Data excerpt START
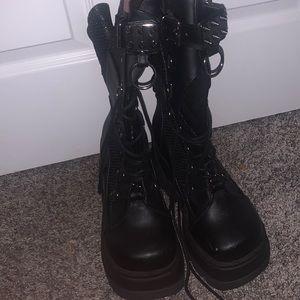 Im selling Demonias in black. they are a size 8.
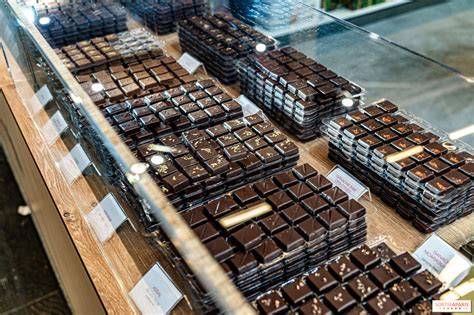 Vitrine et assortiment des chocolats de MAISON DUCROUX à Antibes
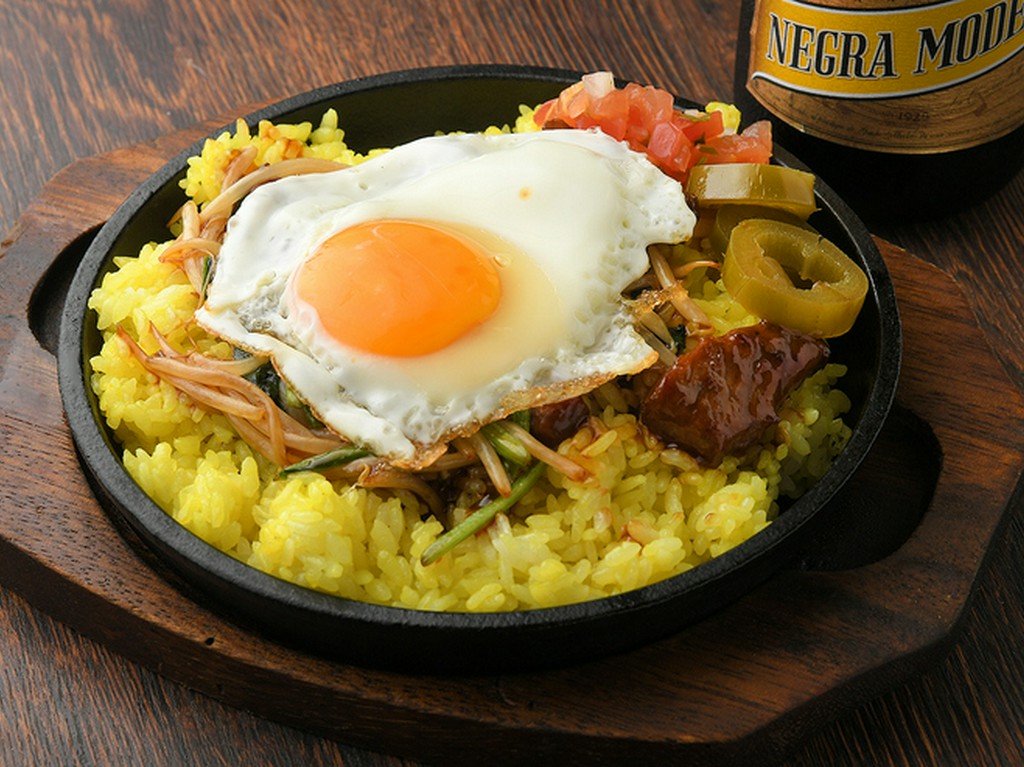 香味野菜とケイジャンスパイスの風味香る『ジャンバラヤ』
Data excerpt END
Work item:
Please copy the data shown above, line by line and exactly, omitting the images.

Answer box:
 Im selling Demonias in black. they are a size 8.
 Vitrine et assortiment des chocolats de MAISON DUCROUX à Antibes
 香味野菜とケイジャンスパイスの風味香る『ジャンバラヤ』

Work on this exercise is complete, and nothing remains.